+++ Material provided +++
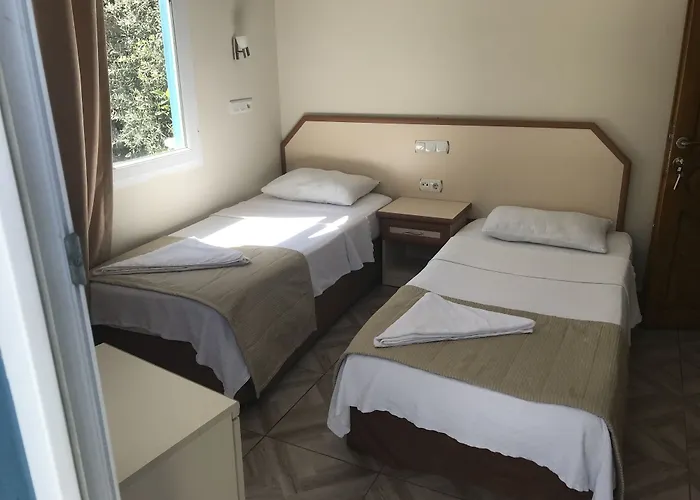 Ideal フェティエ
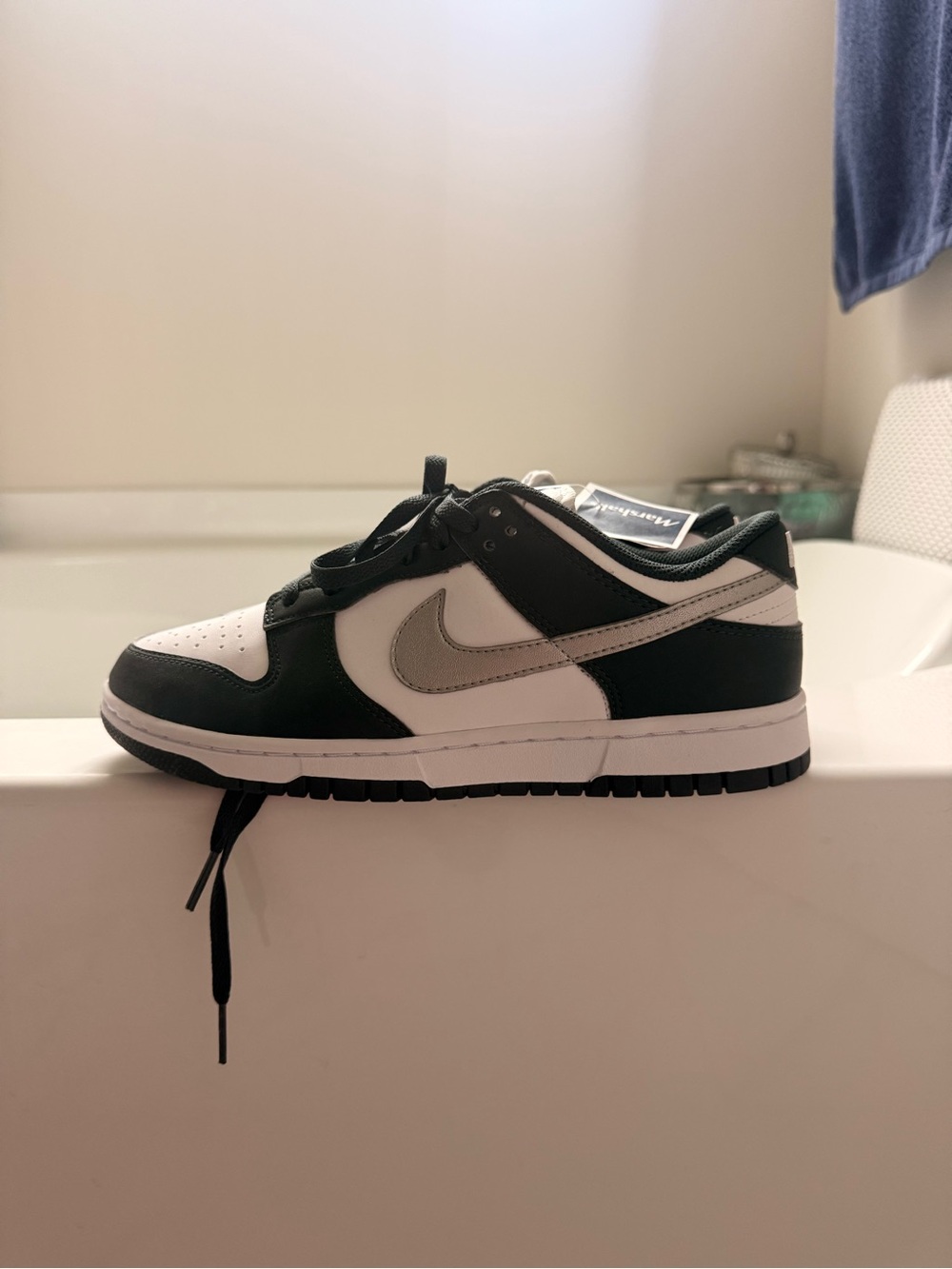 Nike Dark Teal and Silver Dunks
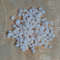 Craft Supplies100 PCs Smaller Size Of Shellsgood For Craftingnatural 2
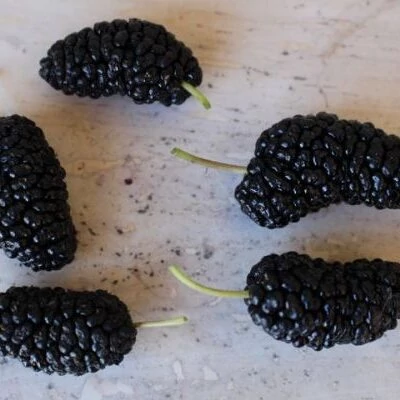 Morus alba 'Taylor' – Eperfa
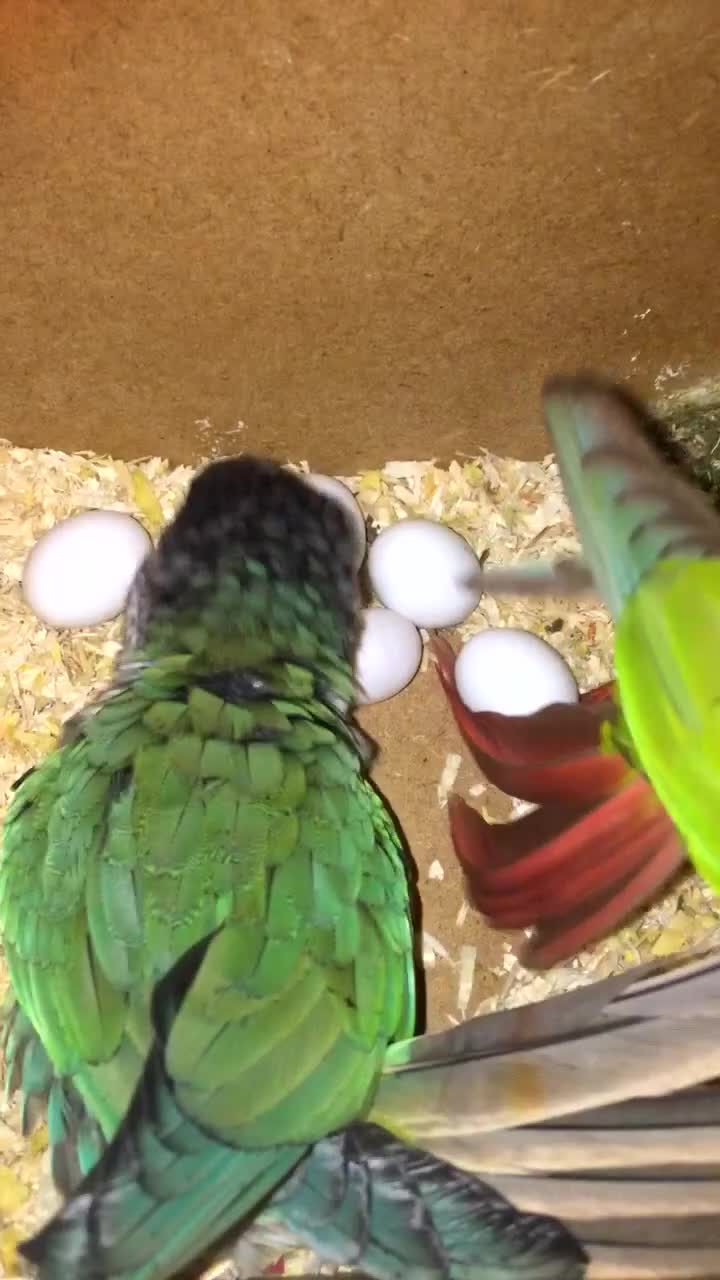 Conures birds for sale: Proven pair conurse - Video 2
+++
Required work:
What you hand back should match the entries above exactly, except that no picture appears.

Answer space:
 Ideal フェティエ
 Nike Dark Teal and Silver Dunks
 Craft Supplies100 PCs Smaller Size Of Shellsgood For Craftingnatural 2
 Morus alba 'Taylor' – Eperfa
 Conures birds for sale: Proven pair conurse - Video 2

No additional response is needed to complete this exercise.